Lumberjacking, Almost skunking, and Ridiculousness

Posted by MNAngler On August - 12 - 2011


Day 2 of our Gunflint Trail weekend turned out to involve even less fishing than day 1, which I didn’t realize until I sat down to write this blog post. You would have thought that so little fishing would have bothered me, but it didn’t because I was having too much fun doing other things.

We spent much of the morning and afternoon taking down a couple of 30 ft trees because one of them was growing into the roof of the outhouse. We ended up taking down two trees (and a third little one) because the one was in the way of the other in the direction we wanted to fell it.


About mid-afternoon, just as we were finishing up, Ken’s sister and niece showed up. We were expecting them and had a few hours to sit and chat before we had dinner. After dinner we spent several hours sitting and chatting as well. I didn’t mind missing fishing for the visit because the two are always fun to, well, sit and chat with. Ken’s brother-in-law was always a riot as well and we all missed him at the table.

Our visitors stayed til 8pm, so Ken, George, and I only got out for an hour before the skeeters started eating us alive. Since we were short on time, we only went as far as Kloek channel and none of us had so much as a nibble.

Almost Skunking

The next morning, I finally had enough energy to get up early to try my luck. I was on the water by 6:30am and headed to Voyager’s Bay.
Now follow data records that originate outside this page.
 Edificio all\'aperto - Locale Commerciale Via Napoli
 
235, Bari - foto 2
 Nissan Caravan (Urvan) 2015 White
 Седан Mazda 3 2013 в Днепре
I started with the bubble gum fluke and got nothing. I then switched to a wacky worm and concentrated off shore a bit to avoid getting hung up. One on cast, I pulled on some weeds, but the weeds fought back. I tried to set the hook, but missed it. Without reeling up, I lifted twice more before getting hit again. But I missed again.
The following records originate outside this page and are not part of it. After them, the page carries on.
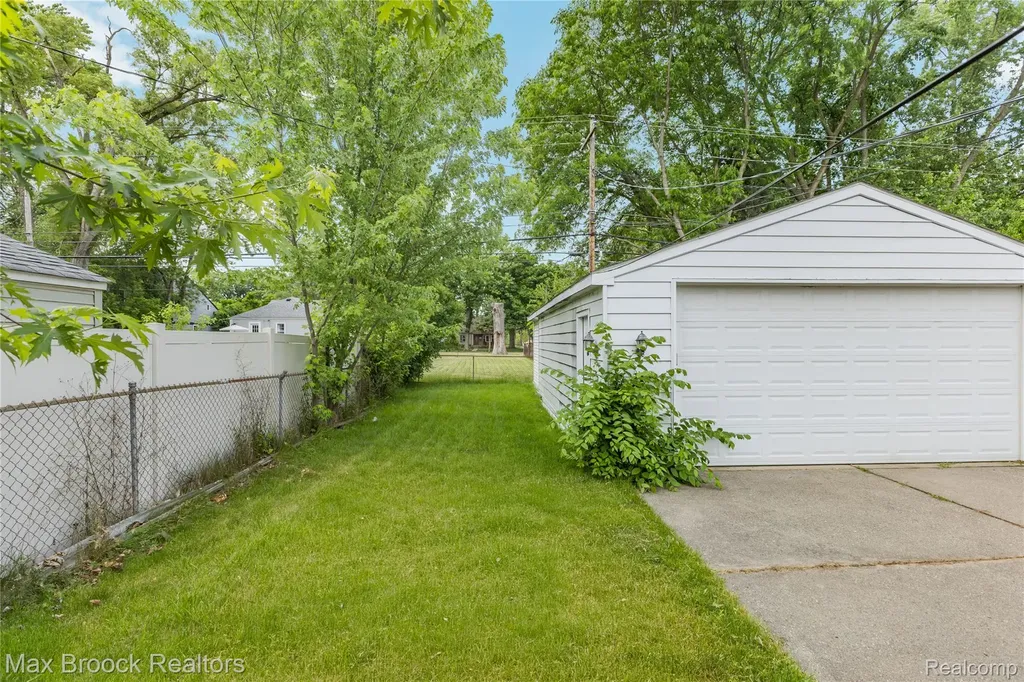 3410 Hunter Avenue Royal Oak City MI 48073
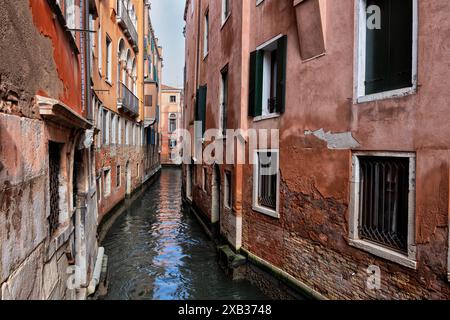 Stadt Venedig in Italien, Rio della Veste Kanal im San Marco Viertel. Stockfoto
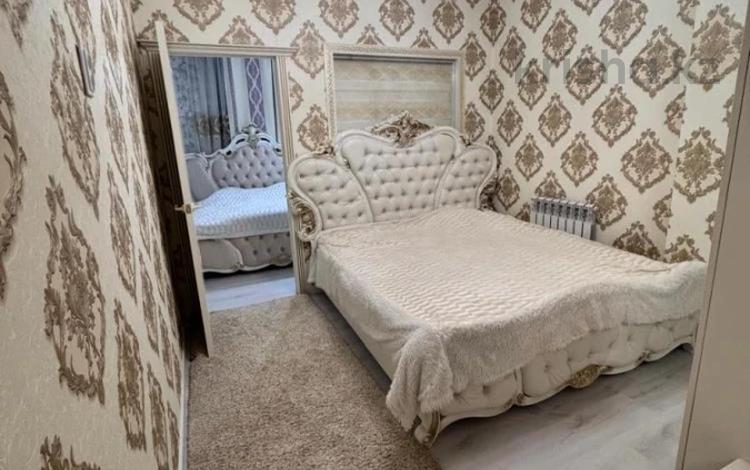 3-комнатная квартира · 96.2 м² · 4/10 этаж, мкр Аксай-4 за 63 млн ₸ в Алматы, Ауэзовский р-н — фото 2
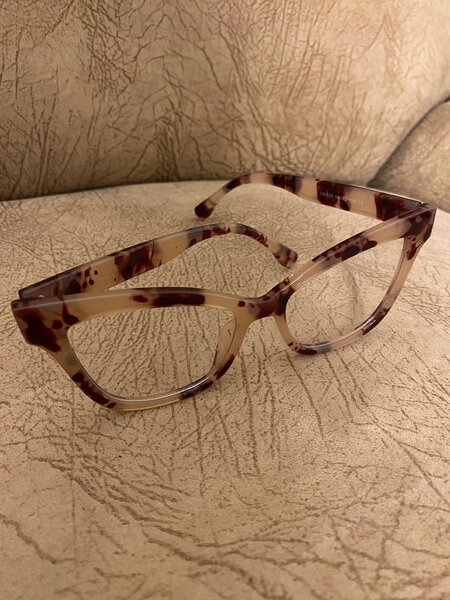 Cat-Eye sunglasses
More wacky worm rigging didn’t yield anything so I also tried a texas rigged sinking minnow, tried wacky rigging the sinking minnow (which promptly got snagged, even in the middle of the bay), and a white pearl fluke. No more bites.

I put on a rattling Rapala to troll home and that’s when my saving grace hit. A small 10″ smallie on the way past the island at the entrance of Voyager’s Bay.
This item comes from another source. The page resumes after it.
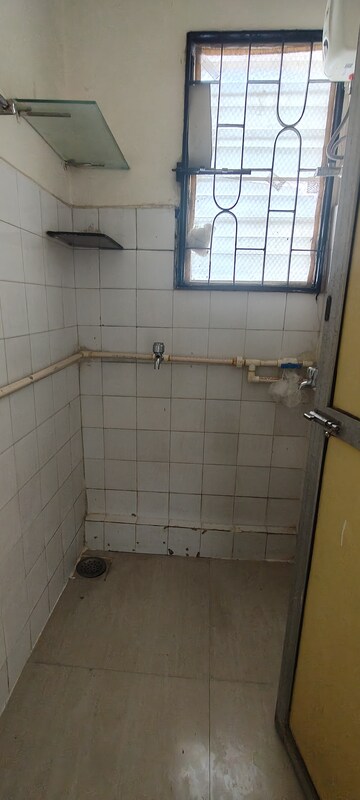 रेसिडेंशियल फ्लैट वर्ग फुट फॉर रेंट इन बोरिवली वेस्ट मुंबई  7527950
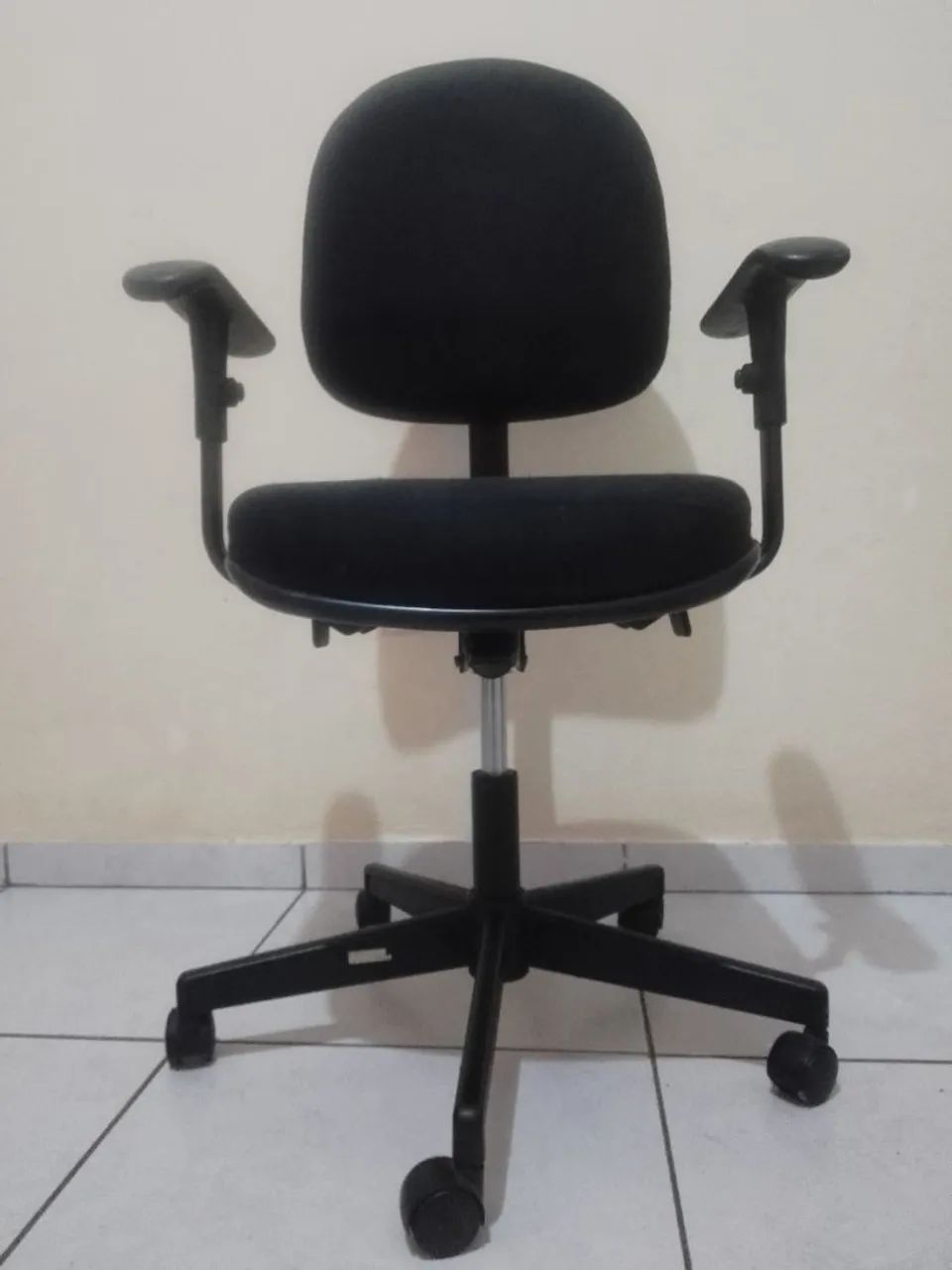 Cadeira escritório. - Foto 2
That afternoon, Ken, George, and I tried our luck in some howling winds. George and I were thinking of portaging into Prune Lake for crappie, but decided it was too windy. We hit Lindner Alley with Ken instead. Ken and I trolled with dipsy divers while George mostly cast. We were targeting Lake Trout but would have also been happy with Northern. Ken was trolling a large, colorful shad rap while I trolled with a 5 of diamonds. We were seeing all kinds of fish on the graph, but we couldn’t get any of them to bite.

After about an hour of fighting the wind, we decided to head into Dark Arm Bay (which is long and narrow) where we could be sheltered from the wind. Ken had lost his dipsy diver and Rapala on a snag out in the open water, so he put on a flashy spoon like lure with heavy weights. I stuck with my dipsy diver and 5 of diamonds. When we got to a narrowing of the long bay, we saw a smattering of fish at 11 ft and when my lure passed it, I felt some resistance. I set the hook and everybody got excited as I reeled in. Unfortunately, it was just weeds.

We made our way into the end of the bay where there were a lot of downed trees and calm water. I started casting with a bubble gum fluke and George cast with the shad rap he had success with the day before. Ken became a chauffeur.

I felt a nip on one cast, but it turned dead after a few seconds. The odd thing was that it kind of bounced even after it went dead. We went to retrieve it and I was able to get it loose.

A few casts later, deeper in the bay, I got hit again. I was sure I had a fish, but again, it went dead. We went to retrieve it again, but this time, I was able to see my fluke attached to a branch. But to my surprise, a fish was still attached to my fluke! And the fish had a spot of white on its tail. It was a walleye!

I tried to pull the line up to pull up the branch so I could try to free the hook, but all I was able to do was break off the end. I couldn’t pull the line up high enough to reach the hook or the fish. I was using braid, so I knew the line wouldn’t break, but it was cutting into my finger as I pulled on it.

George is a good 6 inches taller than me, so I thought he would be able to reach it with his longer arms. I wrapped the braid around our emergency paddle to be able to pull on the twig harder.

George said the fish was only about 9″ long, but we were feeling too guilty to just cut the line. We spent a good 20-30 minutes trying to get the dang hook out of the dang twig to rescue the walleye. And George finally did it. He lifted it out of the water into the pontoon when it did a little shimmy-shake and it was gone.

We were going to let it go anyway, but it would have been nice to get a picture of our prize. It was much George’s catch as mine by the time he was done.

What a ridiculous afternoon. We chuckled all the way home.